Sunday, February 23, 2014
Special Needs and the Church
Attending church with an individual with special needs is challenging. As I think back to all of the churches I have gone to, the number of attendees with disabilities is sparse. So my guess is that many families living with children with special needs have chosen to stay home rather than try to "fit in" within the church. As Caleb has become a teenager, we have found this "fitting in" harder to accomplish.
When Caleb was younger, the churches we attended were able to provide a one-on-one for him so that he could go to children's church. This was a huge help because it not only allowed Caleb to attend church with kids his own age, but it also allowed Bob and me a much needed break while we attended the adult service. But as Caleb has gotten older, there are no longer kid’s classes for him to attend. This has left us with one of two choices - leave Caleb at home with a nurse or have him in service with us.
We have considered arranging to have a nurse stay at home with Caleb during difficult months where Bob or I have spent the entire service trying to keep Caleb quiet and calm. What has helped to carry us through, during these challenging months, has been the churches reaction to Caleb. When Caleb yells out during worship, they interpret the yelling as his way of singing, rather than as a disturbance. When Caleb says "all done" while pastor is preaching, no offense is taken. And time and again, individuals purposely come up to greet Caleb and make him feel a part of the church. Recently our pastor asked if Caleb would like to be part of the youth group. Pastor shared what a blessing Caleb is to others and how the other children would benefit from having Caleb as part of the group. We have not yet decided if Caleb will join or just participate in outings, but the gesture on the part of the Pastor spoke love and kindness.
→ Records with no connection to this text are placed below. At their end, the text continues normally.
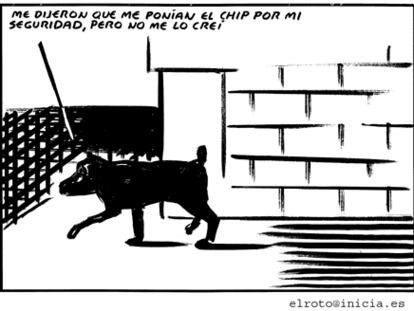 EL ROTO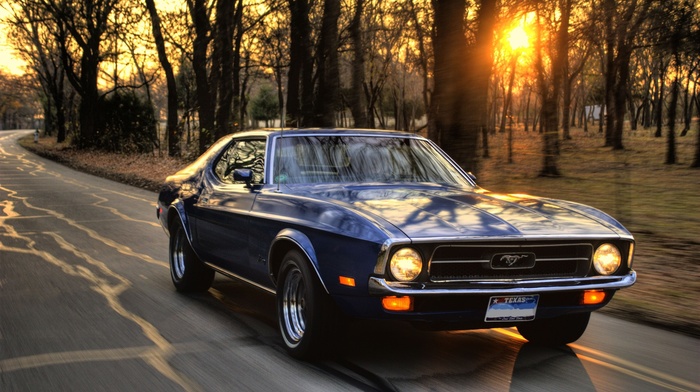 Ford, sunset, muscle cars, Ford Mustang, road, car, trees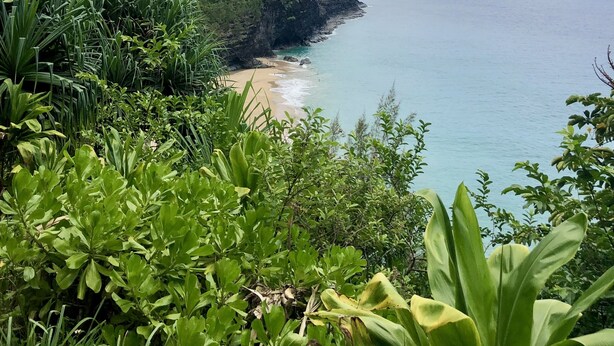A coastal landscape with a beach, lush greenery, and a mountainous backdrop. - Serene Mountain View Condo 11B North Shore Princeville - on Makai Golf Course (Princeville)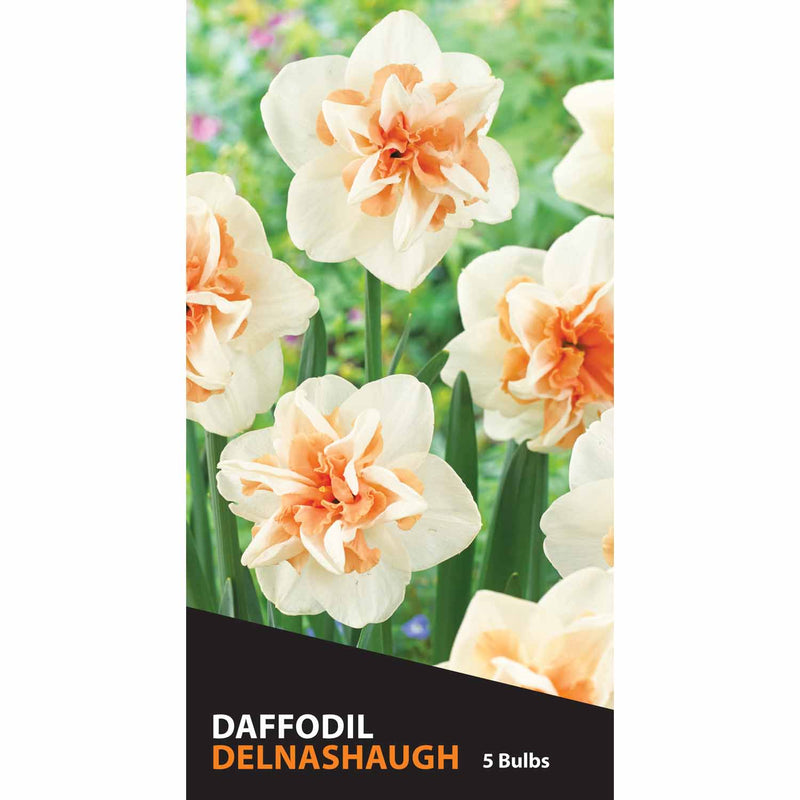 gardener's-edge-daffodil-double-delnashaugh-pack-of-5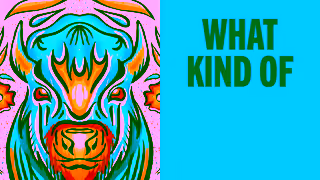 University of Manitoba UM Recruit24 SocialVideos 6s Brendan Sep16 Ad Commercial Brand Imagery Photoshoot 1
Although it has been challenging, I believe that one of the positive things we have done for Caleb is making the choice to have him attend church with us. I feel church is a place for families and even with the difficulties, I believe our whole family should attend. I also believe that although Caleb does not appear to be paying attention, there is much that he is learning from sitting through the service. And my heart swells with joy when Bob accompanies Caleb to the communion table and he is able to partake in the elements. This simple act reveals to me time and again, that Christ came for all, regardless of our challenges.
At one time I believed that we needed more churches that catered to individuals with special needs. I now wonder, after years of attending church with Caleb, if rather than having a church put together programs and classes for kids with special needs, perhaps in the long run, what we all need is churches that are willing to embrace the families who enter their doors - churches that will tolerate some strange noises and unusual behaviors in order to show Christ's love to all individuals, churches that will reach out to the families of individuals with disabilities and help them to feel proud of their child rather than embarrassed. Perhaps by becoming a church body that reaches out in this way, we will truly be the hands and feet of Christ.
A note of encouragement to families living with a child with special needs - please continue to look until you find a church that welcomes your entire family with open arms. Be patient and honest as the church body adjusts to your presence and don't take offense if you get a few strange looks. Our kids need to be part of the church and the church needs our children.
Thank you Prince of Peace for being that church body. You have made us not only feel welcome but have embraced all of us with open arms.